- Opening Delimiter -
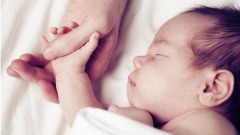 “给孩子一个机会”拒堕胎无脑婴3年后现奇迹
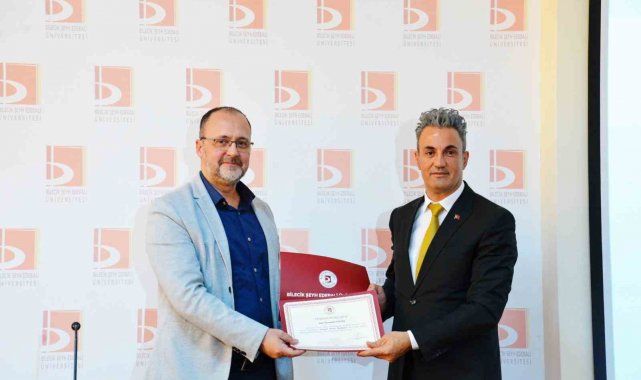 Üniversiteli öğrencilerine tarım hakkında bilgi verdi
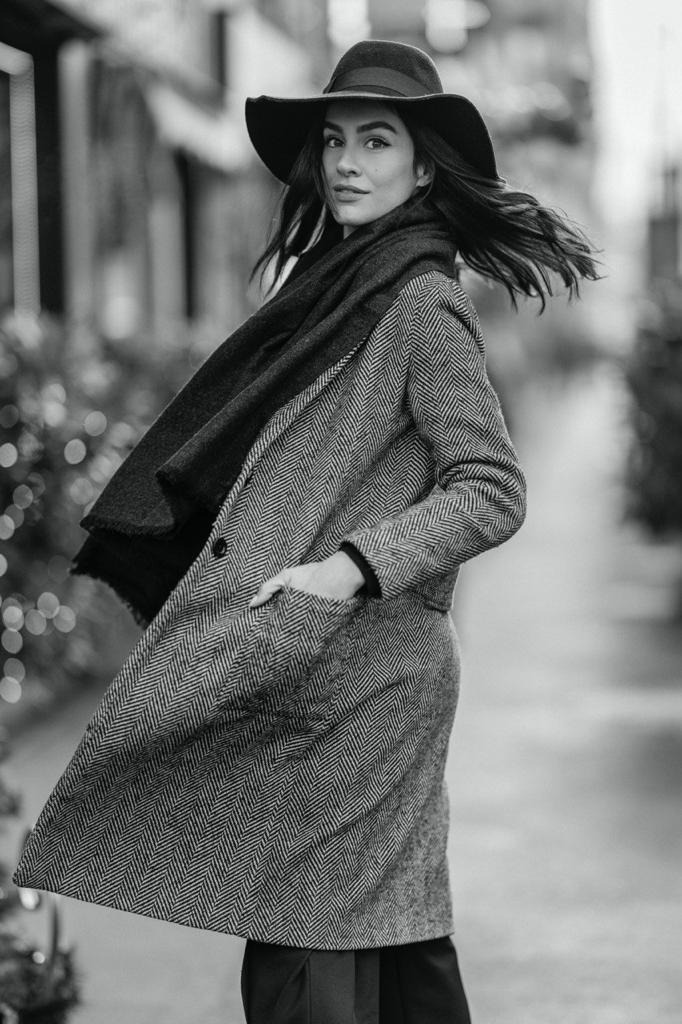 Carola, model in Milan — picture 32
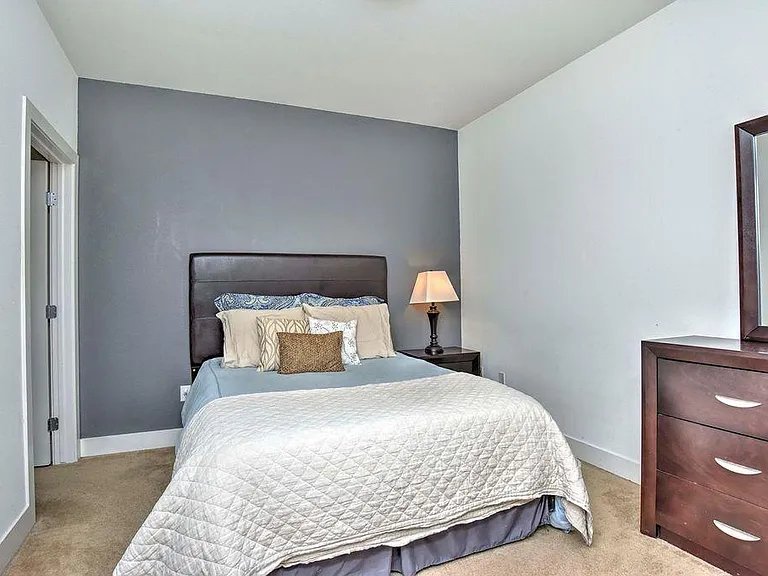 2240 N Clay St #409 — Photo 8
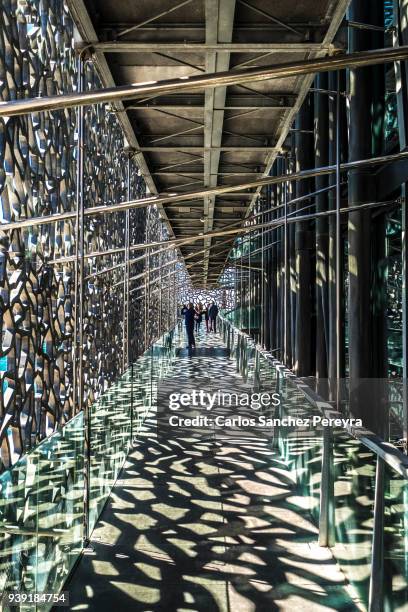 mucem contemporary architecture in marseille - mucem marseille photos et images de collection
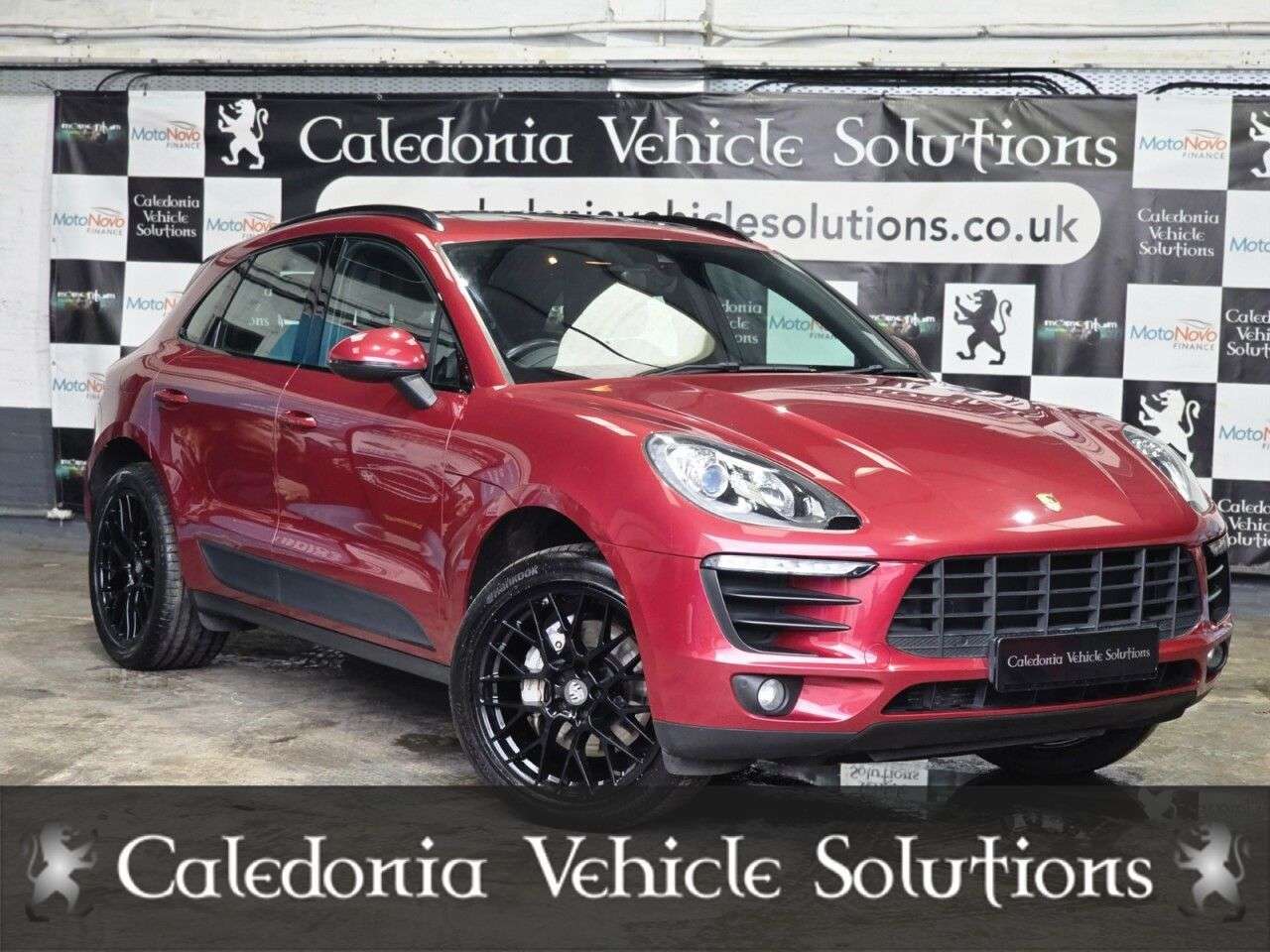 A 2015 PORSCHE MACAN 3.0 TD V6 S SUV 5dr Diesel PDK 4WD Euro 6 (s/s) (258 ps) A 2015 PORSCHE MACAN 3.0 TD V6 S SUV 5dr Diesel PDK 4WD Euro 6 (s/s) (258 ps)
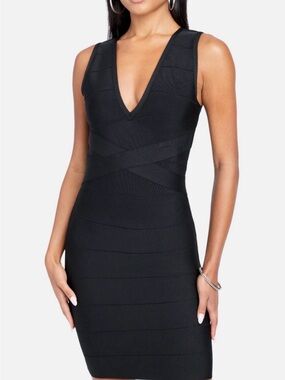 bebe Black V-Neck Sleeveless Mini Sheath Dress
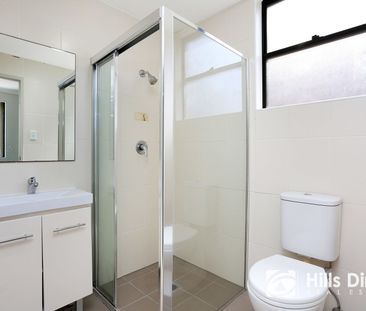 Stylish Ground Floor Apartment in a Convenient Location - Photo 4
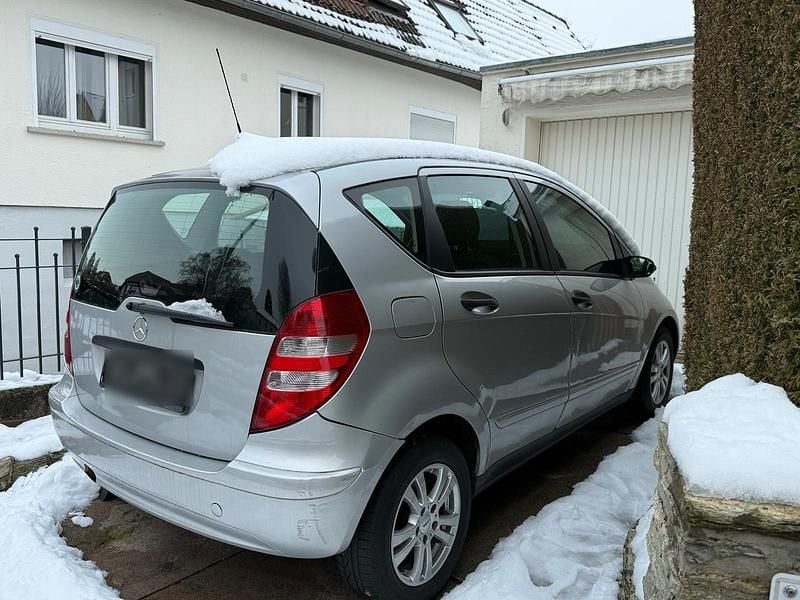 Gebraucht Mercedes A150 90 PS (66 kW) 2005 Silber Kleinwagen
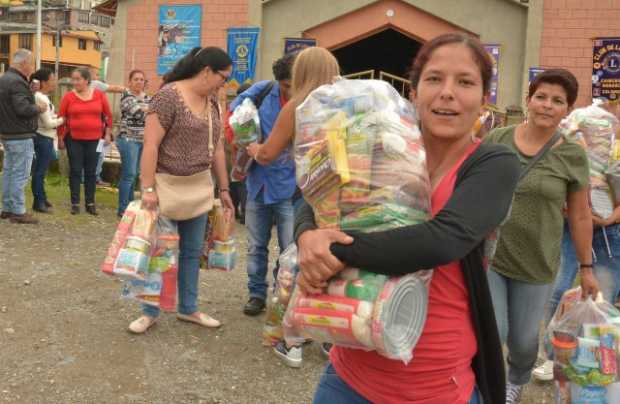 Ayudas para damnificados.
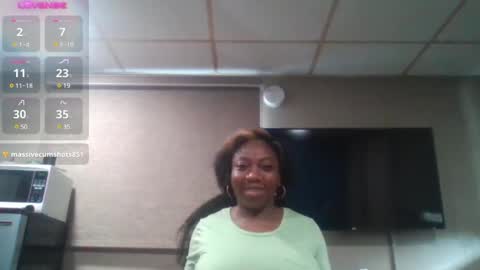 Snapshot of bigboobs_bouncin chatting on 4, 3, 2025 Ashley online show from 4, 3, 2025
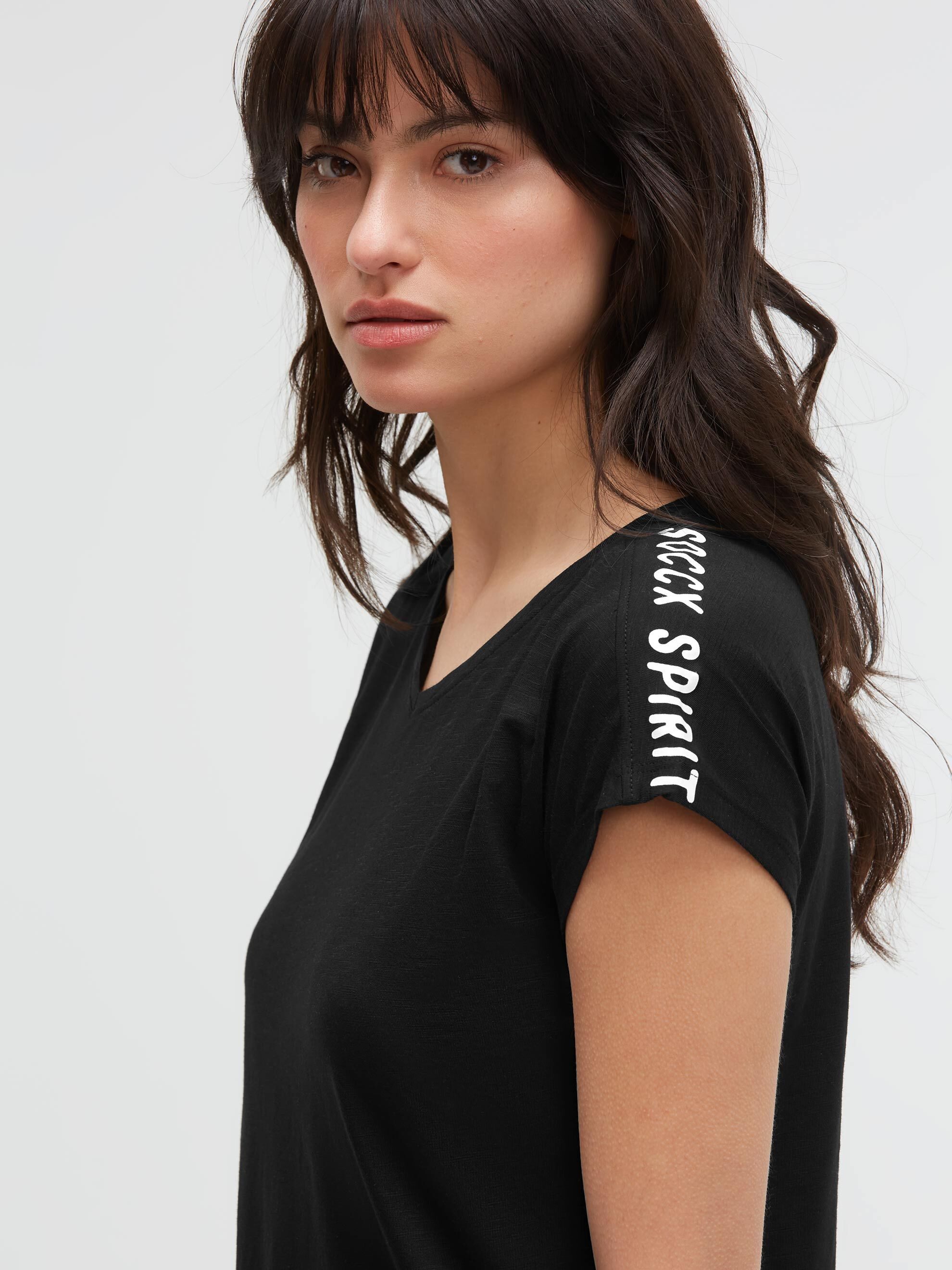 SOCCX V-Shirt mit überschnittener Schulter – Bild 4 von 5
- Closing Delimiter -
Aim of the exercise -
Retype all entries exactly; omit pictures.

Problem solution -
 “给孩子一个机会”拒堕胎无脑婴3年后现奇迹
 Üniversiteli öğrencilerine tarım hakkında bilgi verdi
 Carola, model in Milan — picture 32
 2240 N Clay St #409 — Photo 8
 mucem contemporary architecture in marseille - mucem marseille photos et images de collection
 A 2015 PORSCHE MACAN 3.0 TD V6 S SUV 5dr Diesel PDK 4WD Euro 6 (s/s) (258 ps) A 2015 PORSCHE MACAN 3.0 TD V6 S SUV 5dr Diesel PDK 4WD Euro 6 (s/s) (258 ps)
 bebe Black V-Neck Sleeveless Mini Sheath Dress
 Stylish Ground Floor Apartment in a Convenient Location - Photo 4
 Gebraucht Mercedes A150 90 PS (66 kW) 2005 Silber Kleinwagen
 Ayudas para damnificados.
 Snapshot of bigboobs_bouncin chatting on 4, 3, 2025 Ashley online show from 4, 3, 2025
 SOCCX V-Shirt mit überschnittener Schulter – Bild 4 von 5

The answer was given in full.